My favourite frameworks, philosophies and principles, in my favourite medium for thinking.


Complex problems are fun to solve. Systems thinking, which models how interconnected elements affect each other, helps me understand complex problems and identify opportunities for leverage.
For example, approaching the challenge of building IRL communities. I start with a small seed group, make it a truly enjoyable experience, then get each person to bring 1-2 friends next time. This creates a reinforcing feedback loop.


Divergent goals are broad directions that allow for many pathways and end-states. They can't be failed, only pursued. They reward making progress now instead of overprescribing the future.
Much of how I think about career is in divergent goals. Instead of fixating on a specific role at a specific company, I know broadly that I want to work on positive-sum problems that enable human-human value exchange, as a thinker-builder hybrid.


Mapping starts with clearly articulating a set of fundamental goals. Then, every decision is measured against these goals. If it aligns, keep it. If not, cut it. As the decision tree grows, continue comparing alignment all the way back up the hierarchy. I use mapping to enforce focus.
An example of mapping you've probably experienced is essay writing. In an essay, each paragraph should tie back to the thesis. In a paragraph, each sentence should tie back not just to the paragraph's argument, but also the overall thesis.

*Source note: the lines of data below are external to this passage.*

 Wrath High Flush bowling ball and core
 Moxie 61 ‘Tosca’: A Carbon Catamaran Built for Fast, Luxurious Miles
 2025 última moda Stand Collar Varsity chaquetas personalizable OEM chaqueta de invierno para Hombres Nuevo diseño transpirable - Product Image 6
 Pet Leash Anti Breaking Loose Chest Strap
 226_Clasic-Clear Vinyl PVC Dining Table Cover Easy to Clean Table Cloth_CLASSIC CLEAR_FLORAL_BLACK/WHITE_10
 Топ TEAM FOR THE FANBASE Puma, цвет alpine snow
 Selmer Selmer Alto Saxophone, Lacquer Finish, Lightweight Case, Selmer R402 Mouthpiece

Deduction and induction are two fundamental types of reasoning.
Deduction takes a top-down idea and through hypothesis-led experiments, tests its validity. I use deduction when I have conviction. It lets me push out what I believe should be true and see if it really is. For example, when working on business model validation, asking "what needs to be true for this business to be profitable?" and then designing experiments (i.e. landing page tests, financial modelling, expert calls) for each assumption.
Induction gathers raw evidence and pulls out patterns to form a broader theory. I use induction when I need inspiration. I'm pulling in what is already true at a small scale, and using that to springboard my thinking in new directions. For example, interviewing a subset of churned users, and examining patterns to come up with new theories on how to increase retention.

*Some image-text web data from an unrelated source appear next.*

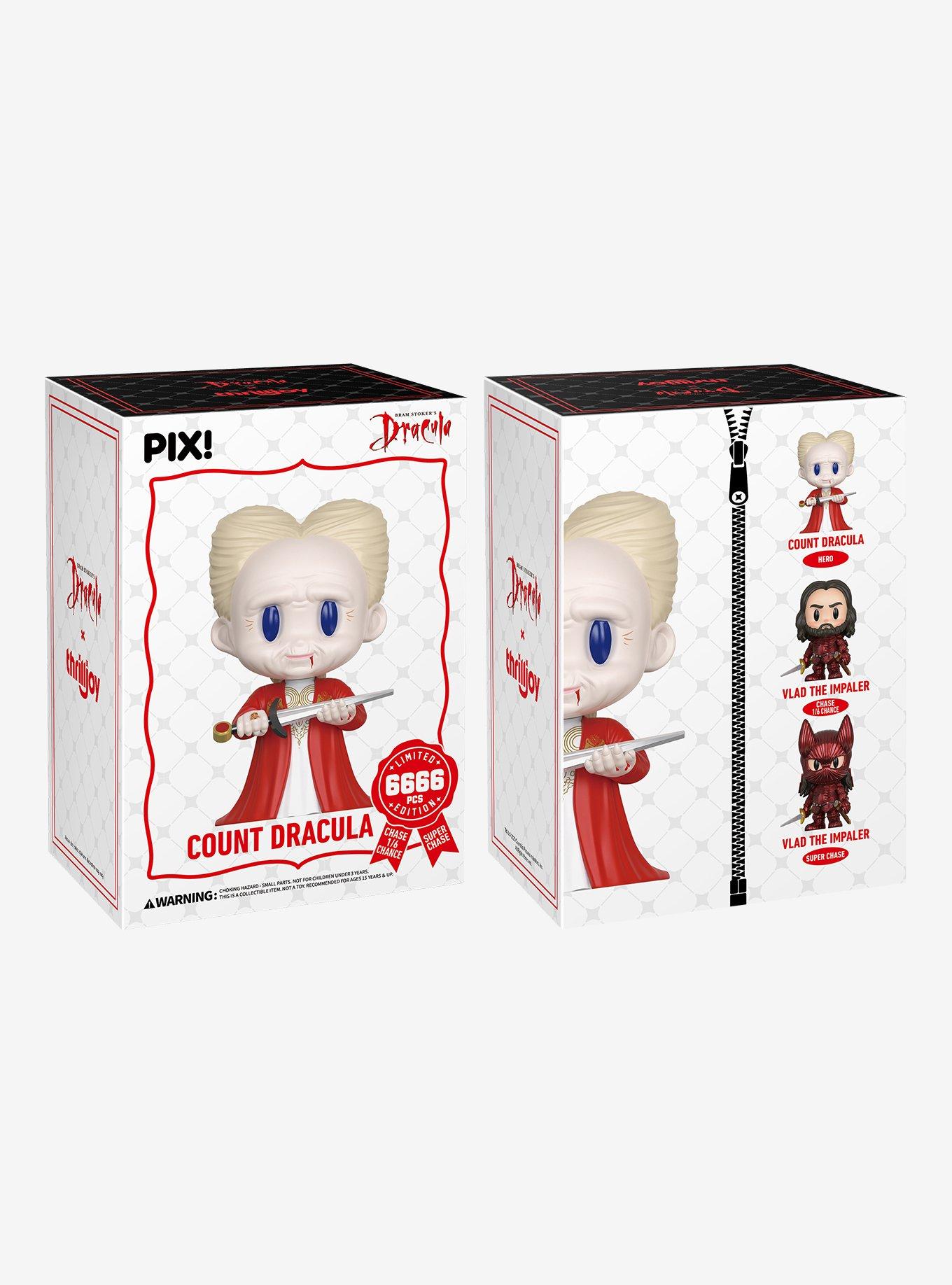 Thrilljoy Bram Stoker's Dracula Pix! Count Dracula Vinyl Figure, , hi-res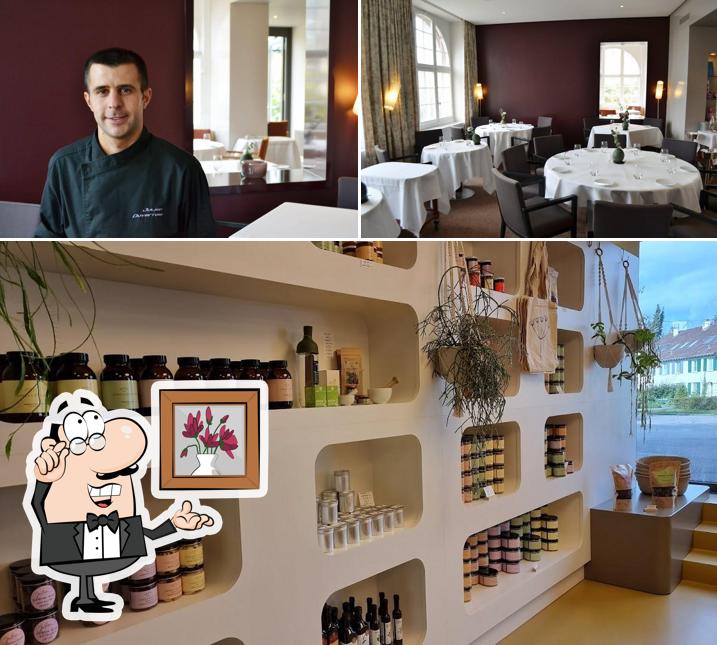 Siediti a un tavolo di Restaurant Stucki - Tanja Grandits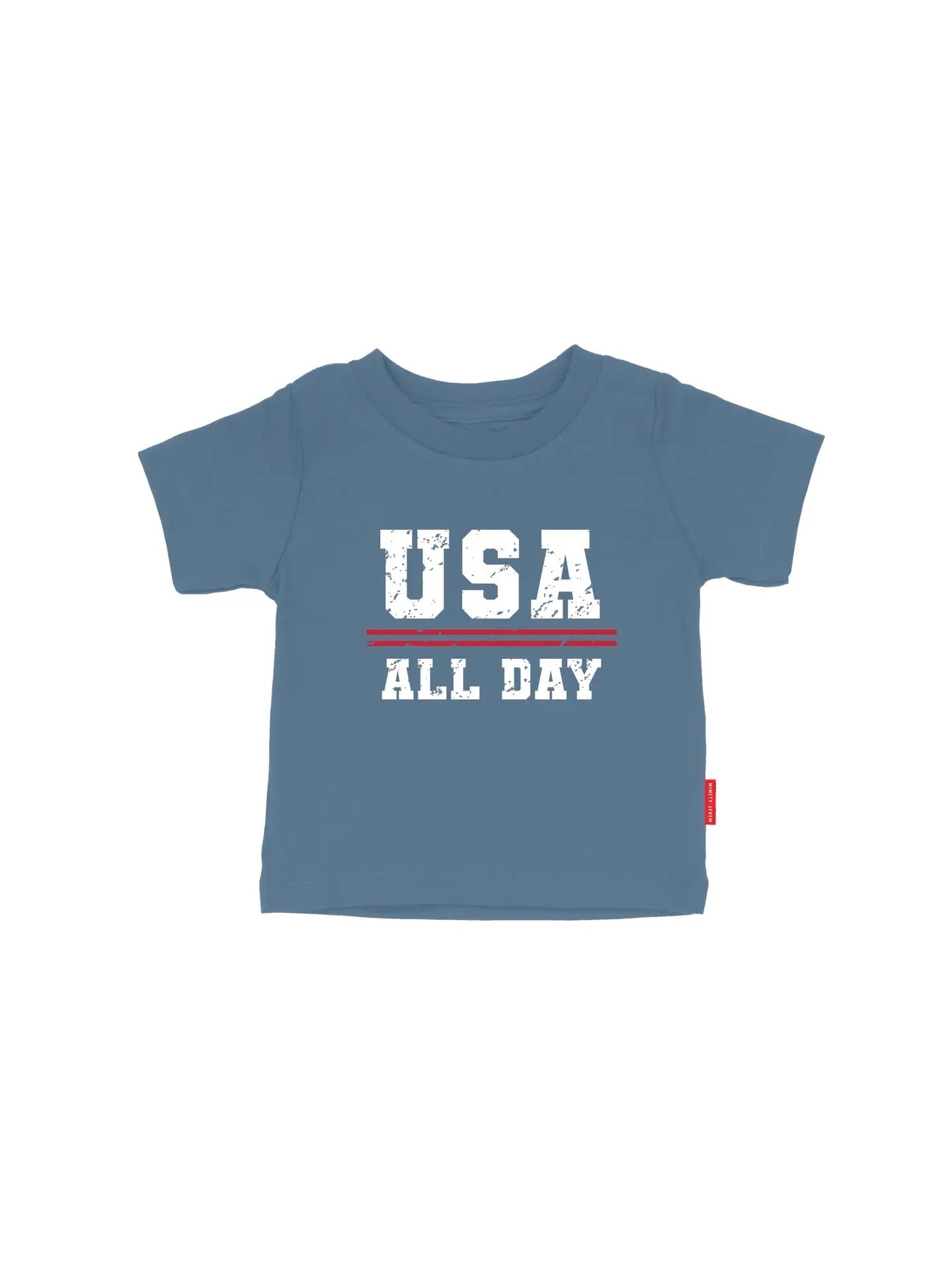 USA All Day Toddler Tee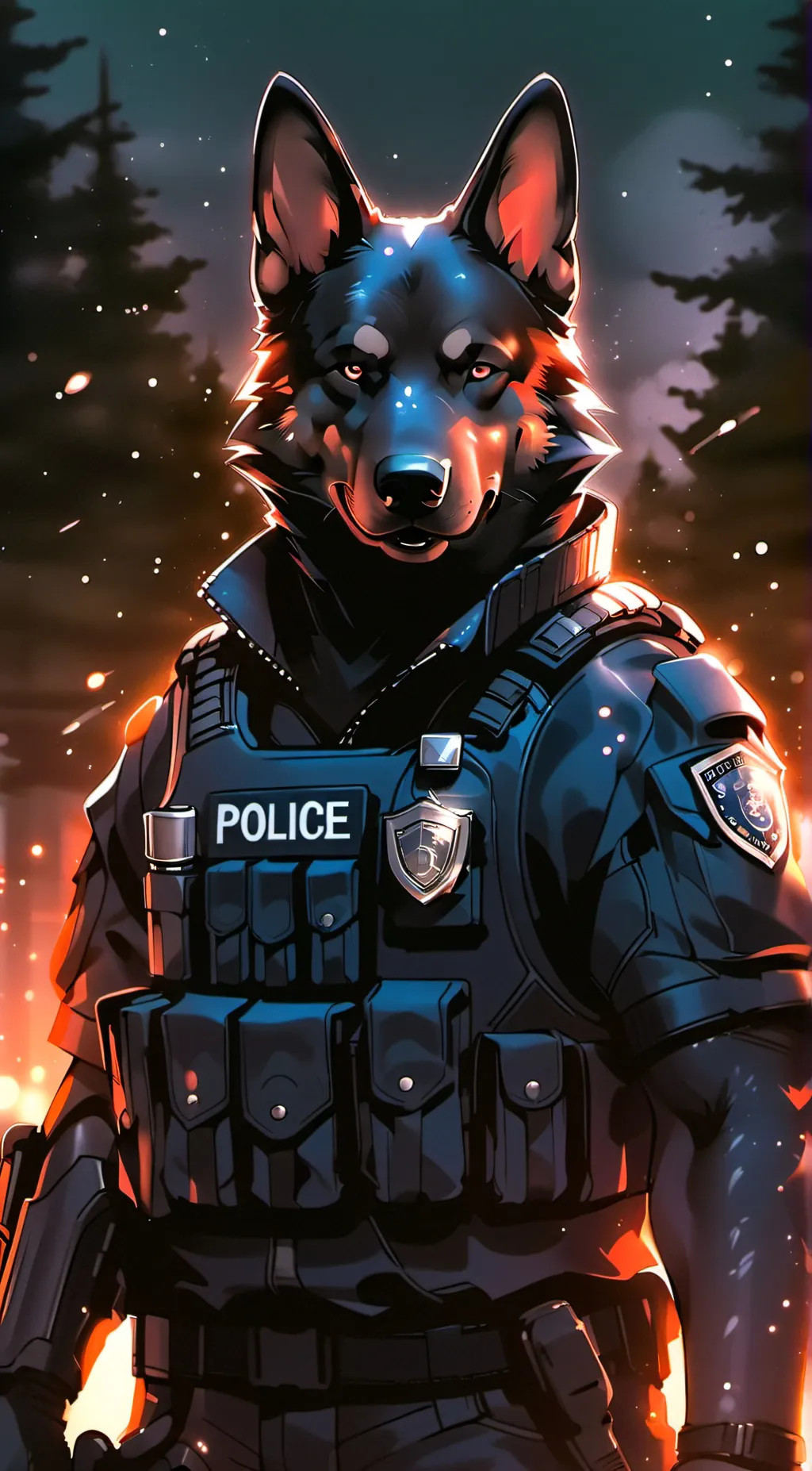 ai character: roofus background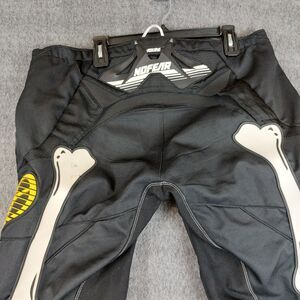 No Fear Motocross Pants Mens 38x30 Rogue Series Skeleton Accents Perforated Mesh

Triangulation uses multiple forms of diverse evidence to increase confidence in a conclusion. The variation can be in what data we gather, where it comes from, how we analyze it, and who analyzes it. I also use triangulation in the inverse: stress testing conclusions by questioning what we would see if it's true.
For example, if this website gets a lot of traffic, I could conclude I did a good job. But if that's true, I'd expect visitors to send DMs or emails. If I see traffic but no messages, maybe it was just a bot influx instead.

The order in which we experience events influences our perception.
For example, the order which you view the pages of my cube impacts how you perceive me :)

We are more likely to improve when there are high expectations of us.
I practice this by believing in myself, believing in others, and surrounding myself with people who believe in me.

We place greater value in things we helped create.
I'm drawn to emergence, multiplayer experiences, and interactivity as expressions of this.


In early hunter-gatherer societies, humans decided which bushes to forage by comparing how many berries they could gather to how much energy it would take.
Information Foraging Theory proposes that we show similar foraging behaviour when hunting for answers to our questions, new movies to watch, and problems to solve.
We judge value by whether the perceived outcome (berries) is greater than the perceived cost (thorns). Value perception can be increased by improving the outcome or reducing the cost. We can also measure value perception by observing how people navigate.
I've used Information Foraging Theory in designing search and marketplace products, leading change management for new internal processes, and building my internal compass for which problems are valuable to spend my energy on.


Simple similarity amplifies difference, while complex similarity obscures it. To improve discriminability, either simplify similar features, remove similar features or add distinct features.
At an attention-to-detail level, discriminability has helped me improve the design of icons and activity status within navigation for complex systems. At a more macroscopic scale, it's why I strive to build diverse communities built on complex similarities, like shared values and rituals.
A learning technique based in first-principles discovery and creative improvisation.





Most of my songwriting starts with a chord progression (building blocks), and I improvise melodies and record. Then I listen back and pull out riffs and phrases that stick out, and begin constructing a song around that basis. I've done similar in design and photography.